Atlético Madrid can take confidence from a strong end to the domestic season alongside their now celebrated humbling of Liverpool at Anfield ahead of their clash with Julian Nagelsmann’s RB Leipzig, who represent something of an unknown quantity in this year’s Champions League campaign. In spite of the discernible talent and quality which flows through the Germans’ starting lineup, the loss of Timo Werner may well have left them decidedly toothless up front against one of Europe’s most historically capable defences.
As well as being a massive load off of Diego Simeone’s mind, the absence of Werner is an ostensibly significant blow for Leipzig. 34 of the Stuttgart-born talisman’s 95 goals for the club came this season, and Nagelsmann may now have to look primarily to his midfield for attacking inspiration. Leipzig fans might draw some encouragement from the fact that the electrifying version of their side which steamrollered Tottenham in the last 16 was powered largely by their midfield; however, their opponents in the quarter-finals will almost certainly present a more formidable challenge in the centre of the park than that posed by Mourinho’s second-rate Spurs five months ago.

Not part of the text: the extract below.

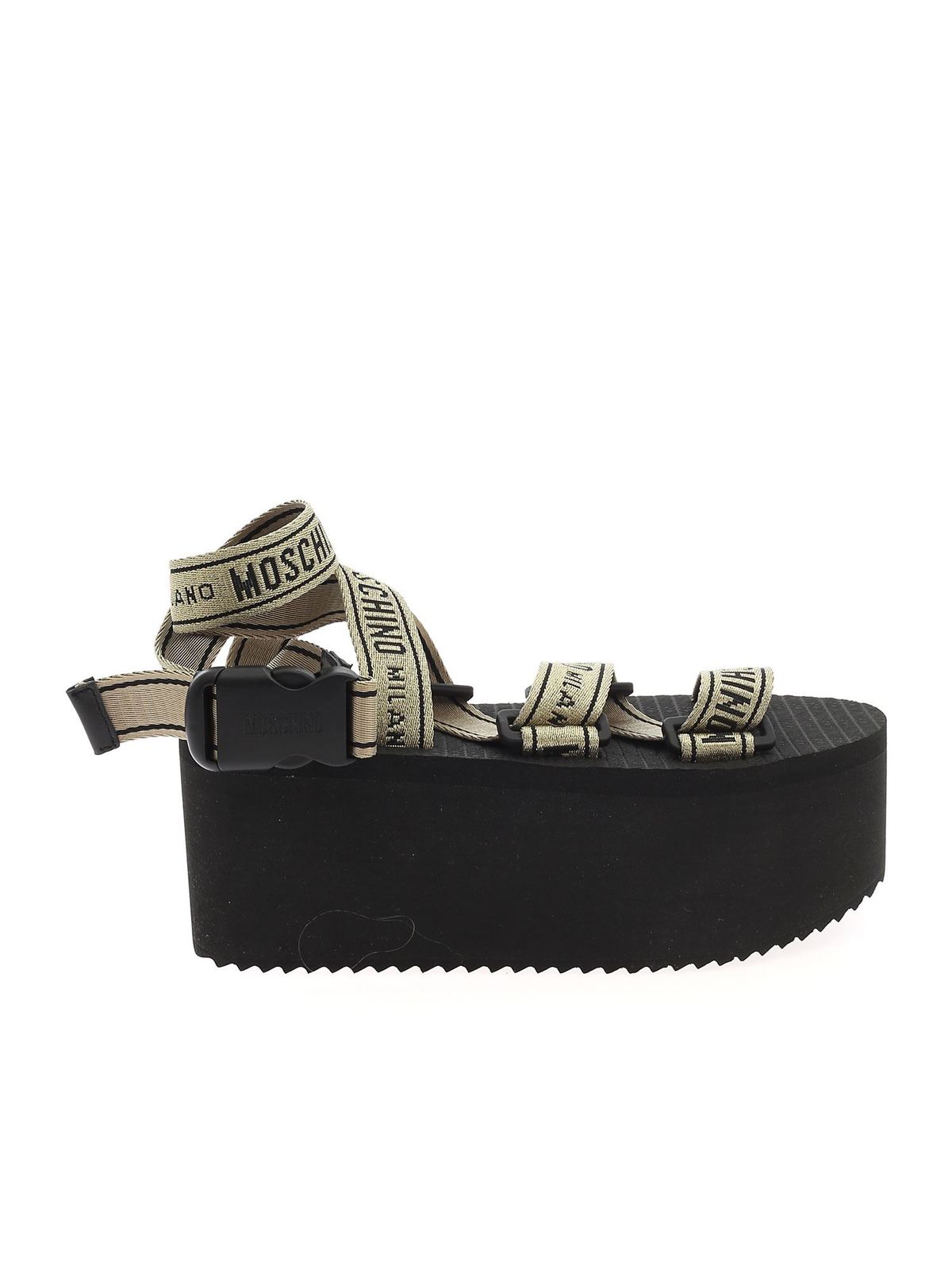 moschino logo tape wedge sandals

Indeed, in a season described by Simeone himself as one of transition, the defensive fortitude displayed throughout the campaign by Atlético cannot and should not be underestimated in the run-up to this contest. The fact that El Cholo’s side can only boast the seventh-best defence of the 12 teams left in the Champions League doesn’t tell us much – had they not conceded two goals against Liverpool they would be in the top three behind PSG and Bayern – their league form is rather more telling of an outfit which has so often been defined by its ability to shut up shop when it counts.
During Simeone’s tenure at the club, Los Colchoneros have kept 173 clean sheets in 321 La Liga Santander games; 18 of those came this season, of which six were achieved following the restart in June. Atlético will, therefore, see themselves more than capable of handling a Werner-less Leipzig – whatever the threat of Konrad Laimer, Kevin Kampl, Tyler Adams and Marcel Sabitzer in midfield.
Statistics and recent form aside (Leipzig have achieved only two clean sheets since the restart) one would be foolish to dismiss this – or any other Champions League tie for that matter – as a foregone conclusion. This year’s one-leg, all or nothing format could well favour the underdog, and Nagelsmann’s men have shown themselves to be more than capable of rising to a challenge – with or without Timo Werner.